*** Data below ***

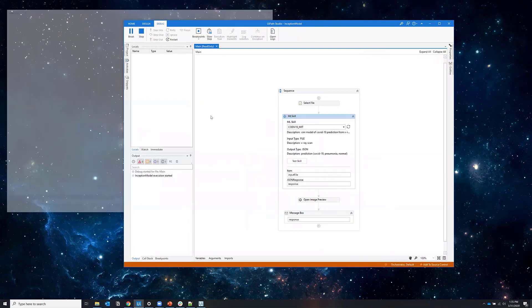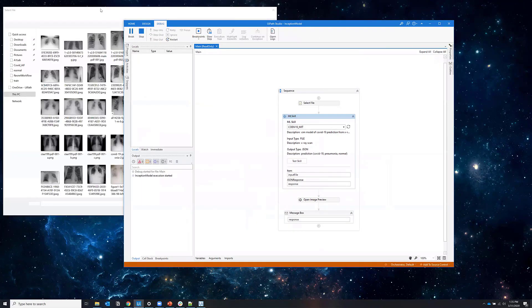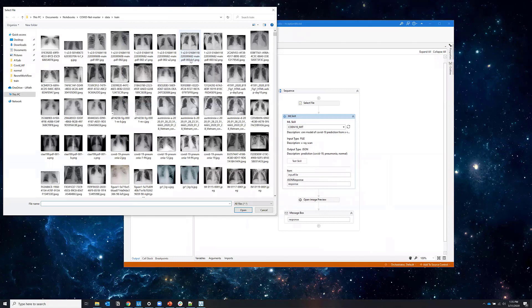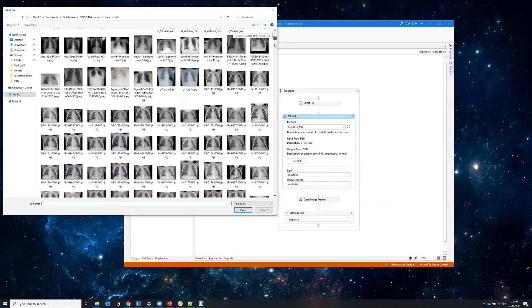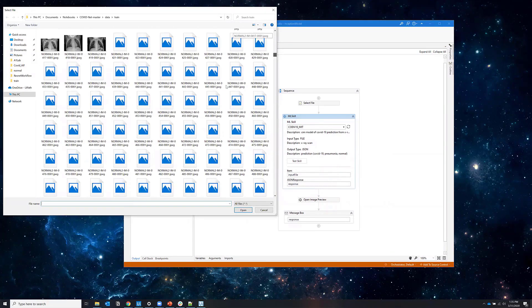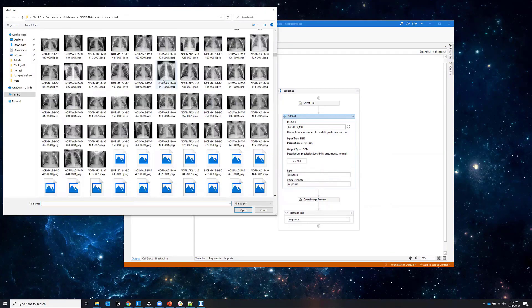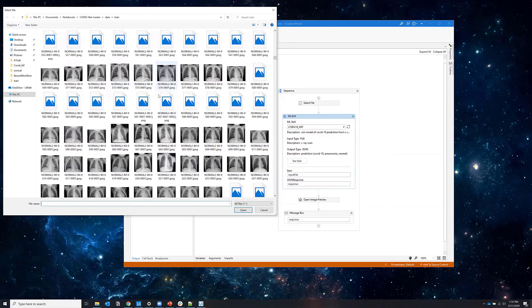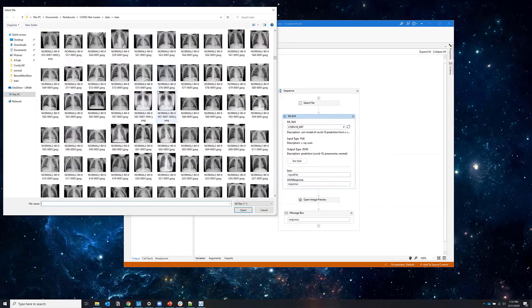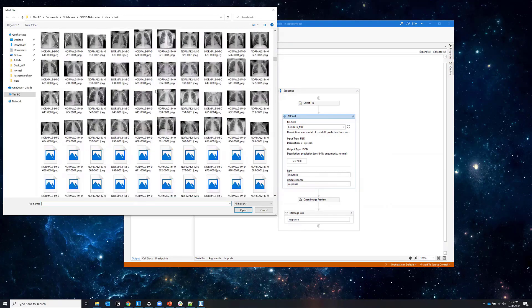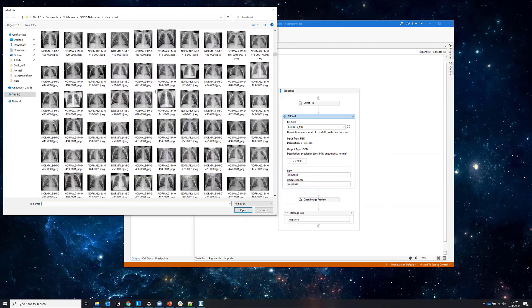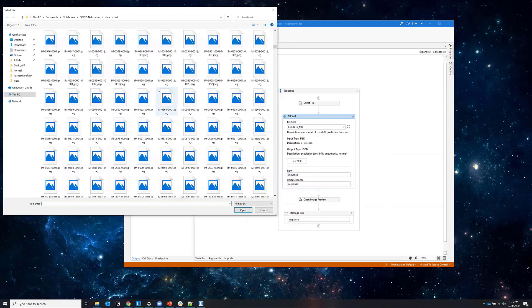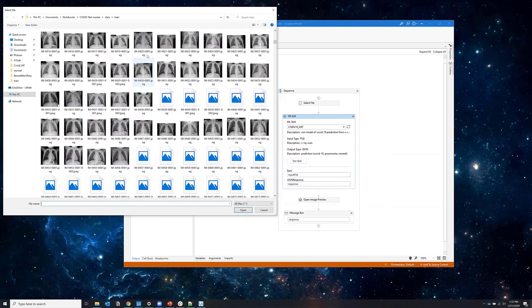So just starting the workflow, the robot asks me for such an image. Here I have all the data that was used to train the model from people with no disease, people with pneumonia, and people with COVID-19.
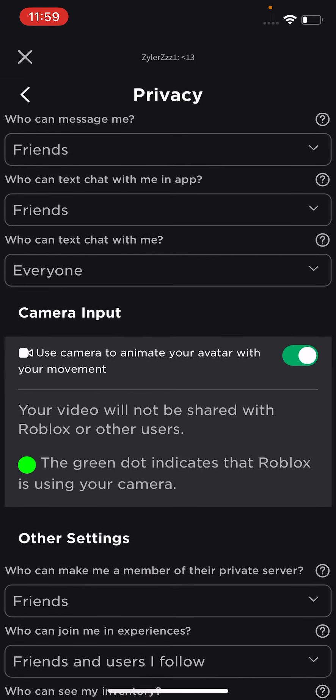The green dot indicates that Roblox is using your camera. The red dot means Roblox is using your microphone or voice.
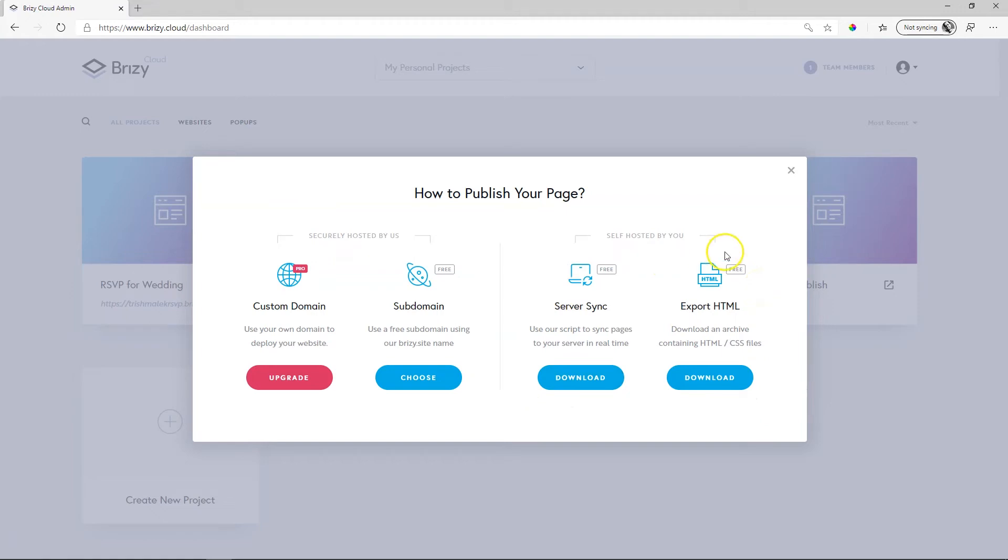In the free version, you can assign a subdomain, which is a .brizzy.site domain given to you for free by using Brizzy Cloud Free.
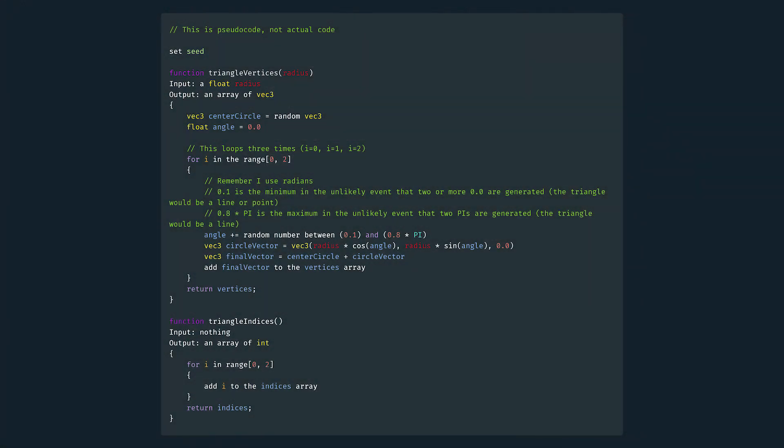Now for the actual algorithm implementation, we want a function that outputs an array of positions while taking in a radius. We start by randomly generating the center of the circle, and then we simply loop three times, generating the vectors on the circle, adding them to the center, and putting them into an array which we then output at the end.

***

Task item: The whole listing above needs to be copied exactly; please keep the pictures out.

Result of this exercise:
So just starting the workflow, the robot asks me for such an image. Here I have all the data that was used to train the model from people with no disease, people with pneumonia, and people with COVID-19.
The green dot indicates that Roblox is using your camera. The red dot means Roblox is using your microphone or voice.
In the free version, you can assign a subdomain, which is a .brizzy.site domain given to you for free by using Brizzy Cloud Free.
Now for the actual algorithm implementation, we want a function that outputs an array of positions while taking in a radius. We start by randomly generating the center of the circle, and then we simply loop three times, generating the vectors on the circle, adding them to the center, and putting them into an array which we then output at the end.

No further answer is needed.